A partir de 2010, com a bilhetagem eletrônica, as empresas passaram a ser indenizadas pelo valor correspondente ao que deixavam de receber dos passageiros que fizeram mais de uma viagem e pagaram por apenas uma, graças ao sistema do bilhete único, e dos que viajaram de graça beneficiados pela isenção (estudantes, idosos e outros).

Note-se que isto não tem nada de gratuidade, pois, na verdade, as viagens feitas sem cobrança dos passageiros beneficiados vão ser pagas pelo Tesouro Municipal, vale dizer pelo conjunto dos contribuintes da cidade.

O TCM está declarando com todas as letras sua desconfiança de que há fraude também no cálculo do valor a ser indenizado, pois o governo não sabe ao certo o valor que deixou de ser arrecadado pelas empresas por transportar gente sem cobrar. Logo, vem pagando no escuro, com base no que as empresas informam.

A caixa-preta só existe porque os governantes não se interessam por controlar o fluxo real de passageiros nos ônibus e demais modais. Quando tentei fazer este controle em 2001, como secretário estadual de Transportes, instituindo o cartão com chip controlado pelo estado, fui boicotado pelo próprio governador. As empresas de ônibus acabaram emitindo e controlando elas próprias o chamado bilhete único e informam ao governo o que bem entendem.

O TCM pode prestar enorme serviço à sociedade brasileira se obrigar a prefeitura a conhecer e divulgar todos os componentes do cálculo das tarifas e das indenizações devidas pelo transporte de passageiros não pagantes.
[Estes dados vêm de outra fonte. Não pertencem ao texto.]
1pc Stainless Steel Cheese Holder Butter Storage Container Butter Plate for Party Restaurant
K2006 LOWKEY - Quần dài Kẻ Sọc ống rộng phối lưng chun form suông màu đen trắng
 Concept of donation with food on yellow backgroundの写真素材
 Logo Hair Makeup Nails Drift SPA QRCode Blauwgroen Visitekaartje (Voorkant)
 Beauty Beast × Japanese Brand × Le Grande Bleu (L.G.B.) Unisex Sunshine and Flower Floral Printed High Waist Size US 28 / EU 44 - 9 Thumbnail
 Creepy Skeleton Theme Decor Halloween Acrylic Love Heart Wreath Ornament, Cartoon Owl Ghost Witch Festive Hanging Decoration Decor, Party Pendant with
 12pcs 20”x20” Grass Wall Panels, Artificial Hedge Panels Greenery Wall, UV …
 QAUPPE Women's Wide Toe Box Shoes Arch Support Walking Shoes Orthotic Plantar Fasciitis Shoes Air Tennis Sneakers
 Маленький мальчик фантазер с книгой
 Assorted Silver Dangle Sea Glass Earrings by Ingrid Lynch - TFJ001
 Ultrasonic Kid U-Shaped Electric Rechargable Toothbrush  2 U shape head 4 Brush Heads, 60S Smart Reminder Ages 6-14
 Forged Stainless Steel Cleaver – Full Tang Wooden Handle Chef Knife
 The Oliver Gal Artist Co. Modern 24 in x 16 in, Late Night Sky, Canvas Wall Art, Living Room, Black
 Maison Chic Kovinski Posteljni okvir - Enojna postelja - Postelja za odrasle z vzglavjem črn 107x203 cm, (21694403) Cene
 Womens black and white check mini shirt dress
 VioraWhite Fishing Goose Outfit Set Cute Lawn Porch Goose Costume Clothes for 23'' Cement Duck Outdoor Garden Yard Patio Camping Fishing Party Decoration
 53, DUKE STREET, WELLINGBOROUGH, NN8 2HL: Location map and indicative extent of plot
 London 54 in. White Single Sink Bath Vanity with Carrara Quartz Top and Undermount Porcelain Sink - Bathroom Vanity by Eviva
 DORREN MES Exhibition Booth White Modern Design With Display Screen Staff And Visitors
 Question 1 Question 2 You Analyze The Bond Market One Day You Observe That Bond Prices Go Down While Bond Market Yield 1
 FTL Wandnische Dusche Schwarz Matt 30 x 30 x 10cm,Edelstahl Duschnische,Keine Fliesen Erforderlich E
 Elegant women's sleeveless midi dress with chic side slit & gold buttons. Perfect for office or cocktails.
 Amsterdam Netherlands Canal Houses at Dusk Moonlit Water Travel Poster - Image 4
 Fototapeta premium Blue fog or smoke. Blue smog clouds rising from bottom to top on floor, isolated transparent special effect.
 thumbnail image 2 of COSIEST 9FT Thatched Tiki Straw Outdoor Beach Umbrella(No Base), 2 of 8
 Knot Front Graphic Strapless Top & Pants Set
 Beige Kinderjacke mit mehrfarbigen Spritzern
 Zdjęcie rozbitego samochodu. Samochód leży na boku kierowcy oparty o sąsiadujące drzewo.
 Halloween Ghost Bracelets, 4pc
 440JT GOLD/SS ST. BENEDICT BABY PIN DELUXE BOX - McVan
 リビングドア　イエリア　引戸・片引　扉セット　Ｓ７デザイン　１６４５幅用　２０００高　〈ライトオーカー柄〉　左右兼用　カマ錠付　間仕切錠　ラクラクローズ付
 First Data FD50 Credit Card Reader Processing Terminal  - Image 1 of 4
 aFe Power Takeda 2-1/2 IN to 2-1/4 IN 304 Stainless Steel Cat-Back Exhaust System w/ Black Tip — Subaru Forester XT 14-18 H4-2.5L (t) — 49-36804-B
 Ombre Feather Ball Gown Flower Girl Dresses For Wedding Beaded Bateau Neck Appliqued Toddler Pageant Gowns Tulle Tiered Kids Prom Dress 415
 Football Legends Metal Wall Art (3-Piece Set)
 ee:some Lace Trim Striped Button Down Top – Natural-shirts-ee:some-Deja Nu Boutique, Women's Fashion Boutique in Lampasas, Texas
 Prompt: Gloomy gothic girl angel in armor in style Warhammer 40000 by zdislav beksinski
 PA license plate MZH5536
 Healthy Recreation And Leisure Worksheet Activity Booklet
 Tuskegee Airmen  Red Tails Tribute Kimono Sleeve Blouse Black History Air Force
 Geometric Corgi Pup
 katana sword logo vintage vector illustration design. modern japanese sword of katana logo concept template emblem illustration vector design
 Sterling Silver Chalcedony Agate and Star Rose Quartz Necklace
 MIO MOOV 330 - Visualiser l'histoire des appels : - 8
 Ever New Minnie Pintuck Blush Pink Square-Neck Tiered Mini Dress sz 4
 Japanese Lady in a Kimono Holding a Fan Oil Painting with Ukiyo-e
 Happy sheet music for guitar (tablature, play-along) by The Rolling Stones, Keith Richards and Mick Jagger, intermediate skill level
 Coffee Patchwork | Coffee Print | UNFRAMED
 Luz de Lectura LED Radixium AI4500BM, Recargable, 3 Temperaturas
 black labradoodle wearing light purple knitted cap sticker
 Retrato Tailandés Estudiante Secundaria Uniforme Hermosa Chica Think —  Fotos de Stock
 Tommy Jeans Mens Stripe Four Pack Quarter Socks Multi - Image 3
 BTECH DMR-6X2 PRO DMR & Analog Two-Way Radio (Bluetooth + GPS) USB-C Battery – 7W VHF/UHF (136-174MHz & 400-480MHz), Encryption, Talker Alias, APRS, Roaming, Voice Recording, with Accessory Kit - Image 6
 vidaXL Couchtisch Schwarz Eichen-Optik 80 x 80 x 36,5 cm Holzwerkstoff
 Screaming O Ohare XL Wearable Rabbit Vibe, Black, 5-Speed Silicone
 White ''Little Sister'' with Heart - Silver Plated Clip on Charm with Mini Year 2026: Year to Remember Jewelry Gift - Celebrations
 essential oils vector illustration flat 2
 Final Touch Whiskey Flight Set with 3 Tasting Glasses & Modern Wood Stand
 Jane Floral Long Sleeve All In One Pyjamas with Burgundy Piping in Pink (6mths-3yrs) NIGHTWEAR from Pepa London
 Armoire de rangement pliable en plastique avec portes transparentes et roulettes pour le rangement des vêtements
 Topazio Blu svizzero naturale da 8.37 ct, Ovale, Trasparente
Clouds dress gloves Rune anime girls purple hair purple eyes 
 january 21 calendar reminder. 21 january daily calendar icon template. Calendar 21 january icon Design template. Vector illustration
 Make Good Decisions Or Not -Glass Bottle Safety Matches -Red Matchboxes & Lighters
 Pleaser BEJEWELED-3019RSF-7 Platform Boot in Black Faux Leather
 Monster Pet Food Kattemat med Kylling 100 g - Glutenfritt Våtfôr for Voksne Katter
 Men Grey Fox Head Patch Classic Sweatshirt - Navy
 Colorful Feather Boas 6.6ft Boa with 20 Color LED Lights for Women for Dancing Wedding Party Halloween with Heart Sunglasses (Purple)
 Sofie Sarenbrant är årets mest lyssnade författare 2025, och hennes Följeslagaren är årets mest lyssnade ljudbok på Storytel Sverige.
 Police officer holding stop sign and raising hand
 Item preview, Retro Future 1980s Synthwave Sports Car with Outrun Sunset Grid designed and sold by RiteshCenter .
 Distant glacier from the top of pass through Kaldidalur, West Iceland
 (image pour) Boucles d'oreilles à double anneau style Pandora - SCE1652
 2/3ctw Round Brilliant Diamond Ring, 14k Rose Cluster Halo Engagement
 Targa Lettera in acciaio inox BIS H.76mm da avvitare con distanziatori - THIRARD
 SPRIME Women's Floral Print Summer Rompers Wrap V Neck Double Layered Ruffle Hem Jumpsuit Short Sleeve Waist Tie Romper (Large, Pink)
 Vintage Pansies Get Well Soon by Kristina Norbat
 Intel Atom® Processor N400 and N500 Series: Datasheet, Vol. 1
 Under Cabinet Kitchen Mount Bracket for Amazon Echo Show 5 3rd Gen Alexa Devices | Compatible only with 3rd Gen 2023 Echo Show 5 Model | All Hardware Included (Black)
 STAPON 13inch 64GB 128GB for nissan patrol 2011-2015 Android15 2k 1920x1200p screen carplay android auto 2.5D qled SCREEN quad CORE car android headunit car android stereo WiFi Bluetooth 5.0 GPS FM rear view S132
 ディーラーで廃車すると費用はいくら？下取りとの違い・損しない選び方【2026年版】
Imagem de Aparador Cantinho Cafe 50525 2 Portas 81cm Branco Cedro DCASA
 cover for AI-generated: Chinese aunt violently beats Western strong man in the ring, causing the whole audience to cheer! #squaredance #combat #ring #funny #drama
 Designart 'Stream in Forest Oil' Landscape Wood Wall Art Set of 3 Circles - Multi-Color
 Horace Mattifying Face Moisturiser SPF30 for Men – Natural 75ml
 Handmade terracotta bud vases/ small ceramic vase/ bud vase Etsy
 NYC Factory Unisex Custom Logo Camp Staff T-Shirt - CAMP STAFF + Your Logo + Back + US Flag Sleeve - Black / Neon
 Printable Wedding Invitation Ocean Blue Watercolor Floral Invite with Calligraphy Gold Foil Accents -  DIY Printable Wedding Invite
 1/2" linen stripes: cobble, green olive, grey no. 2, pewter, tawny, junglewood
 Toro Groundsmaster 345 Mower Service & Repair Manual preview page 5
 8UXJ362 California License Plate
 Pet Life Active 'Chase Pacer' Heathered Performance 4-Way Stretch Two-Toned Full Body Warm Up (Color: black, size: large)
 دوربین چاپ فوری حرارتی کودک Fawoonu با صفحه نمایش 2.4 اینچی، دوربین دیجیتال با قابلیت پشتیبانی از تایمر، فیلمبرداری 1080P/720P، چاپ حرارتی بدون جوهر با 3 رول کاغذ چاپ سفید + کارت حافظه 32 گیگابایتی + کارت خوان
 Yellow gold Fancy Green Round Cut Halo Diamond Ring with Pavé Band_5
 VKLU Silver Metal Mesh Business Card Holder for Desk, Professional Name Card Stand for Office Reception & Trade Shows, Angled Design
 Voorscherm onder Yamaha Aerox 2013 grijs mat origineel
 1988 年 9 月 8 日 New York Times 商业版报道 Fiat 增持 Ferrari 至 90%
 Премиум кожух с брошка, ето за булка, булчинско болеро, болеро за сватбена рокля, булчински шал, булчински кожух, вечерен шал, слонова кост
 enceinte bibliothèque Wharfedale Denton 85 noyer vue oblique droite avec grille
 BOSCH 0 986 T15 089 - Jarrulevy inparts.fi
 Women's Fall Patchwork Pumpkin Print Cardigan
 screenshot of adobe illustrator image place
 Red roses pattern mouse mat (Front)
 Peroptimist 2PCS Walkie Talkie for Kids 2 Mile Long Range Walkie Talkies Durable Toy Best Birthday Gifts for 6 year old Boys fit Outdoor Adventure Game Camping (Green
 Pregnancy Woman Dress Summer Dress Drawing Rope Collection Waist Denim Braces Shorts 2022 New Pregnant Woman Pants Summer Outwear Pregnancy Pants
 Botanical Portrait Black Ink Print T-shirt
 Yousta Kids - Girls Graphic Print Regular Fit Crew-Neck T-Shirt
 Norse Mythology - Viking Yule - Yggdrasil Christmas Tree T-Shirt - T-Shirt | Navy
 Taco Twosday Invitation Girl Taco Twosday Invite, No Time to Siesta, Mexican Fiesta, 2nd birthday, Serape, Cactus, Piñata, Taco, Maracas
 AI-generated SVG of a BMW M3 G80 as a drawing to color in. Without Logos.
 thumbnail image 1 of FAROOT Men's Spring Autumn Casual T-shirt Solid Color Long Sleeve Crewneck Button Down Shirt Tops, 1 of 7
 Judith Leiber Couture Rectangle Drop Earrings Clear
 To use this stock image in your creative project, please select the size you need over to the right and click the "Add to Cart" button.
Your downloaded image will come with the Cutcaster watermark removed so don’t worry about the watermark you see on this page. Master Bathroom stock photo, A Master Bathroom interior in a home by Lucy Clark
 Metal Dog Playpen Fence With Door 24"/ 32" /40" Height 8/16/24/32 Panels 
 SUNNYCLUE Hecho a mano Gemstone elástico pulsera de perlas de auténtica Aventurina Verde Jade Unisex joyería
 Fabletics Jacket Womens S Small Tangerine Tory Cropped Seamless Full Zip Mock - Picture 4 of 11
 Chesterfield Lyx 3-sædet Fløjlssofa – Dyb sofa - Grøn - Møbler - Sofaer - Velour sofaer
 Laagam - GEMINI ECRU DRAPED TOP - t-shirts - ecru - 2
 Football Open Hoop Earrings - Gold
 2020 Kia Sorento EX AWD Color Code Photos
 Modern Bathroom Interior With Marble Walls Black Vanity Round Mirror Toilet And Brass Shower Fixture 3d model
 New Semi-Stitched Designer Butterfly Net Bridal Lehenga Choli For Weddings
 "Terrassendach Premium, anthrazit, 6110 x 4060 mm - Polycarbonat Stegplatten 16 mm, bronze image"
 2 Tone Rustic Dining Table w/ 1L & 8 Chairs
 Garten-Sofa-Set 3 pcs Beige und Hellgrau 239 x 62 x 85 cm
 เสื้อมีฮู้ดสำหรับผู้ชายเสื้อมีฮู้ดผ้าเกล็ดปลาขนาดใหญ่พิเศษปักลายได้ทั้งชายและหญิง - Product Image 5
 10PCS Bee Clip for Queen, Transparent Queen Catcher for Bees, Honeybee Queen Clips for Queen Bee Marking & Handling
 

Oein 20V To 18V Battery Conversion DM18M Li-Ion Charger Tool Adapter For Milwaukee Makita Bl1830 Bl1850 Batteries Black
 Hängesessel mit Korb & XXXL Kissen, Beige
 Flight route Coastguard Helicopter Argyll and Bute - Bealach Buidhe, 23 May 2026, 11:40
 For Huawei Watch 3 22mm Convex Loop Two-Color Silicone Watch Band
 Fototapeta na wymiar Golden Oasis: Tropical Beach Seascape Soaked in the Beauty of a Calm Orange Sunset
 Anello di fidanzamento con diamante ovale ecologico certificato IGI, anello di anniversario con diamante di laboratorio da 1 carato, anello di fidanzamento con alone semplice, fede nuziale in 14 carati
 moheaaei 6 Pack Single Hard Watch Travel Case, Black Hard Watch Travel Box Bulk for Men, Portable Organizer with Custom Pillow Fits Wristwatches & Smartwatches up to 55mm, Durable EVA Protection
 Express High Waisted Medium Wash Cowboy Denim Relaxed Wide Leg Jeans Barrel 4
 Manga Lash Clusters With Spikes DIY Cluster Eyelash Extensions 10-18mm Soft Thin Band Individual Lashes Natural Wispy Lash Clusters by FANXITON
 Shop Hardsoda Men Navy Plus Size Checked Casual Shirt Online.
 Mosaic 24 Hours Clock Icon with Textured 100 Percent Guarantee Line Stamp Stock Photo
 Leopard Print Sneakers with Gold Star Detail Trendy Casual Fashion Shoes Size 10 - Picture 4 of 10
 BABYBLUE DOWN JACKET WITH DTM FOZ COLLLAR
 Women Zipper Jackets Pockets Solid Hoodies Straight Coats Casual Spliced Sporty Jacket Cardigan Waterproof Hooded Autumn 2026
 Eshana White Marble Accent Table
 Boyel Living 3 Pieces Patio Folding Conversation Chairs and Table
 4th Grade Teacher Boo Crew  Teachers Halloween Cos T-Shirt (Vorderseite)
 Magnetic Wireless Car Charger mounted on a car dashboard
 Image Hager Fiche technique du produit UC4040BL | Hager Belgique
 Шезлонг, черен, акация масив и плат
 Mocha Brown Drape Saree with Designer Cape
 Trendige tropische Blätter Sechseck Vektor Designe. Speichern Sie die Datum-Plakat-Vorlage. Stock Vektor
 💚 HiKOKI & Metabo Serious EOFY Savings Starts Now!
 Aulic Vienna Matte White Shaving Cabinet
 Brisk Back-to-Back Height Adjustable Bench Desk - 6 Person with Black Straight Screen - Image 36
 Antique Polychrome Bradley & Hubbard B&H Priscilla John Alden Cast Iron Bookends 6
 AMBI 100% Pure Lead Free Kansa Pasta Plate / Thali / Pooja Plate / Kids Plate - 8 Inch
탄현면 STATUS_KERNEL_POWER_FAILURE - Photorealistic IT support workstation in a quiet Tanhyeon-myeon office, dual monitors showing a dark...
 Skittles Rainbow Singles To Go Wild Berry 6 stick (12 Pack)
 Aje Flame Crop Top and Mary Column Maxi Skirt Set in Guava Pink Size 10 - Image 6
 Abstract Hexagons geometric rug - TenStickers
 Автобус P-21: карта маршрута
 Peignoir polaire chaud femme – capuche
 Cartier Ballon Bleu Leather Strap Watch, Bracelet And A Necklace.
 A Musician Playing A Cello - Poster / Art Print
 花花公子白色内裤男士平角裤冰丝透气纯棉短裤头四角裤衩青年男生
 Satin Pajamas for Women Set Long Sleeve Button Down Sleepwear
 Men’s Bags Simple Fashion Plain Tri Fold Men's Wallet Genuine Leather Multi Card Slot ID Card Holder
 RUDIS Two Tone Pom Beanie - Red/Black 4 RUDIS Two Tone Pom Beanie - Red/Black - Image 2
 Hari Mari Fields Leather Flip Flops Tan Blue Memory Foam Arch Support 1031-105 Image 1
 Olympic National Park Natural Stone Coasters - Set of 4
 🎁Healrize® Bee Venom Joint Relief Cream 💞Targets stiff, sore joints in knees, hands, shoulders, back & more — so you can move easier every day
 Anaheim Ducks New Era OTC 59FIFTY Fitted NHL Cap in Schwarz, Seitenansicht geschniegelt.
Auditar os números, apenas, não vai eliminar o risco de fraude no cálculo das tarifas e das indenizações. O Rio e o Brasil precisam de permanente vigilância para que os usuários não sejam explorados, nem as finanças públicas, oneradas.

15 de julho de 2013
Luiz Alfredo Salomão é ex-secretário estadual de Transportes do Rio.

Um comentário:

  1. Sem falar, que retiraram os cobradores, e os motoristas fazem perigosamente a dupla função, sem abono salarial.